*Listed entries*:

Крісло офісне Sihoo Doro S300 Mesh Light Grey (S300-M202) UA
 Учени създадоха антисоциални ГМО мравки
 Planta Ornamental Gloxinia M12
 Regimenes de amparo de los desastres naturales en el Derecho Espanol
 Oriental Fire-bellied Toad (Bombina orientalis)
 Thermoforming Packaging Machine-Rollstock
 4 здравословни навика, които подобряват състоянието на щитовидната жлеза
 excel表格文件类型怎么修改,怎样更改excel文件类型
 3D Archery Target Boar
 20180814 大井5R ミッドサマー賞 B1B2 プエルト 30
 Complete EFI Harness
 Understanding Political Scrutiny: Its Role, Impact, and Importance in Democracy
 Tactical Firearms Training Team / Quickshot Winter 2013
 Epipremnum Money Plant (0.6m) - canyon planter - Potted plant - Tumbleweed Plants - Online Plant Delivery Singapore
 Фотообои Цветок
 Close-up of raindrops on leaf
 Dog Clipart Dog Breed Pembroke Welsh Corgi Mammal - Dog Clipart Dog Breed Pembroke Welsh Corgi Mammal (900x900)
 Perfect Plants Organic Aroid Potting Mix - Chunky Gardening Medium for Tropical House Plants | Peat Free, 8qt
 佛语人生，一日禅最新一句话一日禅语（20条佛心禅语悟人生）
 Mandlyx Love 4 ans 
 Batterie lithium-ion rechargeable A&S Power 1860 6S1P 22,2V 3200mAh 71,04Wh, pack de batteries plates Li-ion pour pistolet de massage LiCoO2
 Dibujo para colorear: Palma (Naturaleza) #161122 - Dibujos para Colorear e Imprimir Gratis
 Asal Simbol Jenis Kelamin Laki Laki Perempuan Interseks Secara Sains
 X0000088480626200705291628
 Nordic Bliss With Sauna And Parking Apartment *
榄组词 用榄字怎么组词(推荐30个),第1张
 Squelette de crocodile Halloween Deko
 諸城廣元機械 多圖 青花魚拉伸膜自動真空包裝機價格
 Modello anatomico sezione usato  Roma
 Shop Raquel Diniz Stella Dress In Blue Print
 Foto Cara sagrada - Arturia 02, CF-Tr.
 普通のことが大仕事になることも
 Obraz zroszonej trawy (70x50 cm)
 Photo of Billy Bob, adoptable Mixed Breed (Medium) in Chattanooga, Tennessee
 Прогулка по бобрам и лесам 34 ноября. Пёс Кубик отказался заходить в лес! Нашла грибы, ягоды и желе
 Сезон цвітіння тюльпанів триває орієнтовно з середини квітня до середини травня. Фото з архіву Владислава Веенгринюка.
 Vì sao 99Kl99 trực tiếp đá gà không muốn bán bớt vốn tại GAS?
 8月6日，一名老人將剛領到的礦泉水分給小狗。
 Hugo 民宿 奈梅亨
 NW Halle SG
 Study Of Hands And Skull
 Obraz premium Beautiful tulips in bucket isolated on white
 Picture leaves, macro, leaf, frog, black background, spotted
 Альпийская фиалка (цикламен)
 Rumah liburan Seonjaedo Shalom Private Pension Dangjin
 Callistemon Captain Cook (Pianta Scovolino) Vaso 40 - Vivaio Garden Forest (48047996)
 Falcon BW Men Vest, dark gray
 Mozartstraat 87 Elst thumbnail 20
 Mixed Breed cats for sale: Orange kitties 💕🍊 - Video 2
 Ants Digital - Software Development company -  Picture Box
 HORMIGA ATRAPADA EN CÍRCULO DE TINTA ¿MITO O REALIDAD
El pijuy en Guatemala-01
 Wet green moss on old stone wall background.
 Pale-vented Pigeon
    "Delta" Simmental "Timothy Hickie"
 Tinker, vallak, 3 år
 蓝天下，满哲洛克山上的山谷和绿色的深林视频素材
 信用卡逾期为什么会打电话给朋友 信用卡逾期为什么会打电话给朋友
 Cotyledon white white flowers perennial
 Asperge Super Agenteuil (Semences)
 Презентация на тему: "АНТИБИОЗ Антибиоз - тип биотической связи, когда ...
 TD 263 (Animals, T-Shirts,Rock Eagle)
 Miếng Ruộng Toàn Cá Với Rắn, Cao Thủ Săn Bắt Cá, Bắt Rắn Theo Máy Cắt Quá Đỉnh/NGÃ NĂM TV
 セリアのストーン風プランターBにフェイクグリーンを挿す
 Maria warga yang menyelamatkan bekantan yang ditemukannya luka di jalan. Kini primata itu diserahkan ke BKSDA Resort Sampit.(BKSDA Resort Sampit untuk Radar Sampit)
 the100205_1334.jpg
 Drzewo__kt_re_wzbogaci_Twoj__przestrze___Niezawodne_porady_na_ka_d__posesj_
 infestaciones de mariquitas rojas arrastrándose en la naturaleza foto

*Activity*: From the line that contains "Maria warga yang" to the last line of the data, write out each line exactly and add nothing.

*Answer box*:
 Maria warga yang menyelamatkan bekantan yang ditemukannya luka di jalan. Kini primata itu diserahkan ke BKSDA Resort Sampit.(BKSDA Resort Sampit untuk Radar Sampit)
 the100205_1334.jpg
 Drzewo__kt_re_wzbogaci_Twoj__przestrze___Niezawodne_porady_na_ka_d__posesj_
 infestaciones de mariquitas rojas arrastrándose en la naturaleza foto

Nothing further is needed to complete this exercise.